## Goal of the exercise:
Reproduce precisely the lines between the start of the data below and the line with "Обеденный стол из", both included.

## Material for this exercise:
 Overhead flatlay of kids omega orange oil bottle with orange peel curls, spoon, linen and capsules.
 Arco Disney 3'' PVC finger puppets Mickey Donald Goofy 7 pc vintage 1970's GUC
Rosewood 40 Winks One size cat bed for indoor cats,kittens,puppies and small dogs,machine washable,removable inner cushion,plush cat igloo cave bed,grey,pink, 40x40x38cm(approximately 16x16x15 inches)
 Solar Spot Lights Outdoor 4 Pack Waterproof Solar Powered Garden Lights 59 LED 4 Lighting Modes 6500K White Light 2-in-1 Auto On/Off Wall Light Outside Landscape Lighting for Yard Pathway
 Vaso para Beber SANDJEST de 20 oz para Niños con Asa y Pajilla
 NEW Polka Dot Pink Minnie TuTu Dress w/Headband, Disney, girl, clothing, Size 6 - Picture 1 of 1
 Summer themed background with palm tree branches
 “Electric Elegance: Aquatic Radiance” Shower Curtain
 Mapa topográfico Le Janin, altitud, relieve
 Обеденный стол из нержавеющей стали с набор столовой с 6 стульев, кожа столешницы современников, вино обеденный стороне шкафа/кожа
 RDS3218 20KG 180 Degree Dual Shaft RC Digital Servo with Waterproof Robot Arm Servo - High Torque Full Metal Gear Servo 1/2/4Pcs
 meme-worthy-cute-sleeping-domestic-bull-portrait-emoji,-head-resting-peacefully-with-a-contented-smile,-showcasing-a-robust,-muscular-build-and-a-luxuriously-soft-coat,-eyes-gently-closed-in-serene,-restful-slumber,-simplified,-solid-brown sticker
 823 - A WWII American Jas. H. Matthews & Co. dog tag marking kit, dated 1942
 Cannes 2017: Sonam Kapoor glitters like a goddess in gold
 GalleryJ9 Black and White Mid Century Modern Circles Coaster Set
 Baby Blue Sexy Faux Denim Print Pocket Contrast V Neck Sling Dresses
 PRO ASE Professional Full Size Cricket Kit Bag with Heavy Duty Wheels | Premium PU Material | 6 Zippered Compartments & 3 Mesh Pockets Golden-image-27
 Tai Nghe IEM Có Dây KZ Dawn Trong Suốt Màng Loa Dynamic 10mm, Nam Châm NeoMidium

## Output:
 Overhead flatlay of kids omega orange oil bottle with orange peel curls, spoon, linen and capsules.
 Arco Disney 3'' PVC finger puppets Mickey Donald Goofy 7 pc vintage 1970's GUC
Rosewood 40 Winks One size cat bed for indoor cats,kittens,puppies and small dogs,machine washable,removable inner cushion,plush cat igloo cave bed,grey,pink, 40x40x38cm(approximately 16x16x15 inches)
 Solar Spot Lights Outdoor 4 Pack Waterproof Solar Powered Garden Lights 59 LED 4 Lighting Modes 6500K White Light 2-in-1 Auto On/Off Wall Light Outside Landscape Lighting for Yard Pathway
 Vaso para Beber SANDJEST de 20 oz para Niños con Asa y Pajilla
 NEW Polka Dot Pink Minnie TuTu Dress w/Headband, Disney, girl, clothing, Size 6 - Picture 1 of 1
 Summer themed background with palm tree branches
 “Electric Elegance: Aquatic Radiance” Shower Curtain
 Mapa topográfico Le Janin, altitud, relieve
 Обеденный стол из нержавеющей стали с набор столовой с 6 стульев, кожа столешницы современников, вино обеденный стороне шкафа/кожа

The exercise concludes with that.